• [Exercise] Reproduce only this range: the line holding "Used Pork Pie" through the last line of the data below, both included, exactly, with no pictures.

• [Recorded information]
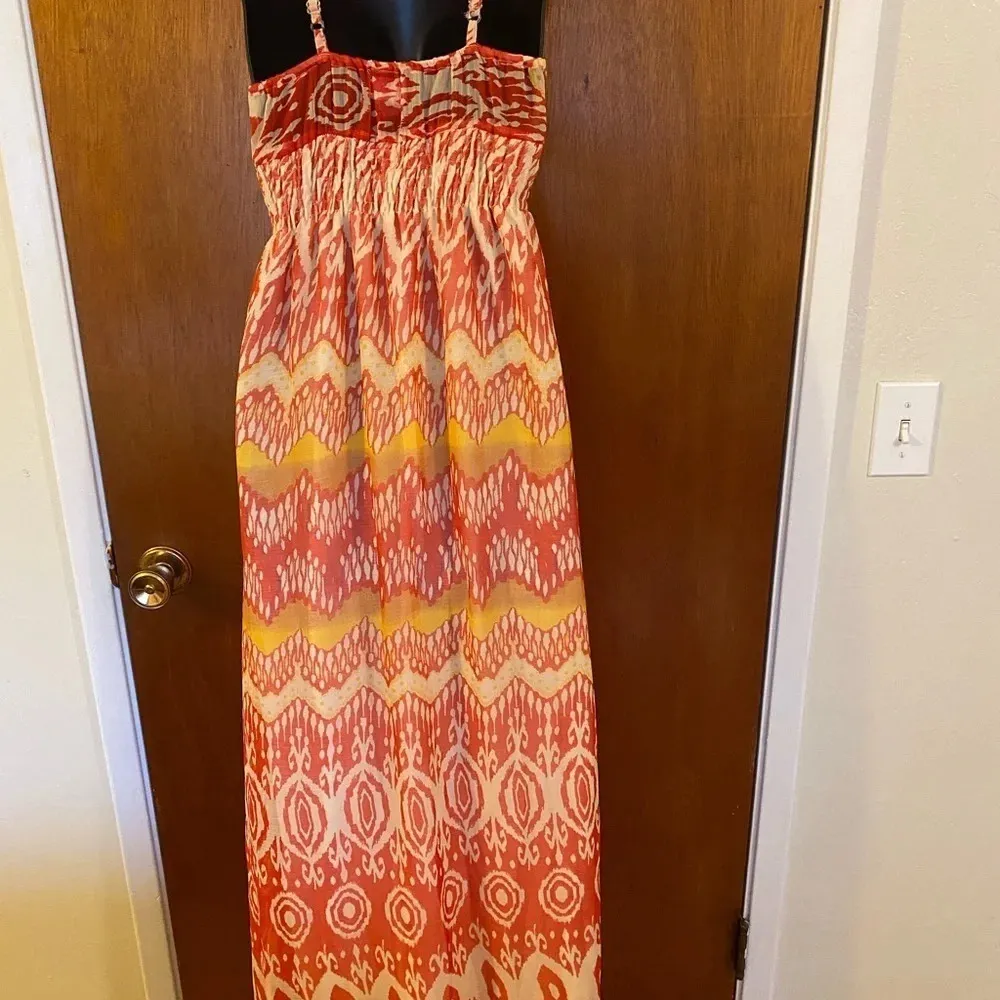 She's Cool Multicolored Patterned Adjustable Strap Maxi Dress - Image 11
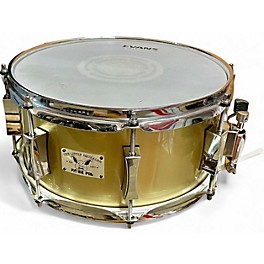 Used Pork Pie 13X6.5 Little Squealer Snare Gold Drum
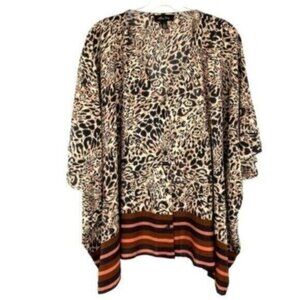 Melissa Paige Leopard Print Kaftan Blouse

• [Answer]
 Used Pork Pie 13X6.5 Little Squealer Snare Gold Drum
 Melissa Paige Leopard Print Kaftan Blouse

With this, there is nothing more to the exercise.